A Christian Sense of Humor
Did you hear about the so-called Christian group that's protesting the upcoming video game "Dante's Inferno"? Claiming they were from a church in Ventura County, California, about 20 members of S.A.V.E.D. (an acronym for "Salvationists Against Virtual and Eternal Damnation") handed out pamphlets outside of the Los Angeles Convention Center during the Electronic Entertainment Expo last month and held picket signs that read, "Hell is not a game" and "Trade in your PlayStation for a PrayStation." The group also posted a website and YouTube videos.
I should tell you right now: The whole thing is a publicity stunt for the video game company Electronic Arts. Yet two reputable newspapers, the Los Angeles Times and the San Jose Mercury-News, initially reported this "protest" as actual, factual news. Online posts and blogs on the topic indicate a number of folks are taking it seriously. Regardless of whether they're in on the joke or not, many are offering the same comment: "Can't Christians take a joke?"
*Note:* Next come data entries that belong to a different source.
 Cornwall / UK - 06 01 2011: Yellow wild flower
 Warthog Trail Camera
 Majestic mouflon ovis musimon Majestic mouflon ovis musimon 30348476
Once again, Christianity's been portrayed as laughable. Most Christians will get an earful of jokes, pokes, and even some outright insults in our lives. When this happens, should we laugh it off, express our hurt, or get angry?
I think different slights call for different responses. Generally, we should respond with our honest reaction. If we think a joke about Christians or the church is funny, we should laugh about it. In my opinion, there are some hilarious jokes about Christians. (One website I enjoy is Stuff Christians Like; I'm told the blogger is a Christian.)
But we shouldn't limit these positive responses only to other Christians. I've heard atheists slam bad behavior by Christians, and I had to nod and agree they were right. Such snubs are actually helpful: I receive insight into how others view the church, and I'm able to surprise them by admitting Christians aren't perfect - individually and collectively, Christians do some loony things.
But if we're hurt by a statement, we should say this and explain the reason - namely, that our faith is important to us. Others can understand your emotional state if you explain by using examples to which they'll relate. For example, tell the one who's offended you, "When you insult my faith, it's like if I insulted your spouse or your parents; I love God just as strongly as you love your family. I know you may not understand why I love God, but as my friend who cares about my feelings, I need you to acknowledge the depth of my relationship with God."
There's a big difference between jabs at Christians, and insults about God, Jesus, or the Holy Spirit. Such statements are unacceptable: This is where we need to draw the line and diplomatically express our anger. It's a matter of standing up for our God. We need to correct any lies or misconceptions about God's character, and warn the offending friend that the most high God won't tolerate those insults forever. Any actions we take - such as disconnecting from the friendship if the insults toward God continue - are done so that we're not associated with the blasphemy.
The one thing we must avoid is holding our tongues. If we're silent when someone speaks ill, it might cause them to think the insults are appropriate and acceptable - that we don't really care about our faith. So whether it's acknowledging, "Yeah, Christians can do some awful stuff sometimes. I hope you don't think the misguided actions of some Christians represent God's character"; or pressing, "You know I'm a Christian - do you feel that way about me?"; or being blunt, "What you said is completely inappropriate. (Or intolerant. Or crass.) Why would you say something like that?" - speaking up shows others that our relationship with God is important to us.
I have mixed feelings about the Electronic Arts publicity stunt. Portraying Christians as people who sometimes protest in corny ways isn't inaccurate. The fact that this publicity stunt worked should cause us all to evaluate, Are there ways I'm fulfilling the stereotype that Christians are hypersensitive hotheads?
But I'm not about to laugh this one off, either. I'm troubled by the flippant use of images of Jesus and of the cross to hawk a video game. I'm still chewing on how I might express my disapproval to the company. In the meantime, I'll offer this comment posted on the Los Angeles Times website by "Thom Olson," which is a great example of what I've discussed here:
"I am disappointed that EA is all right with usurping the voice of religious people to promote a game. Past viral/guerilla marketing campaigns have been more clearly divorced from reality, and I think this crosses a line. If EA had ‘protesters' who were of an ethnic group out there with literature and costuming that made them look foolish, I think the inappropriateness of this campaign would be more clear. In a world suffering because business seems to feel that the ends justify the means, I hope we see the return of basic ethics to business soon."
When others make jokes or insult Christianity, how do you respond?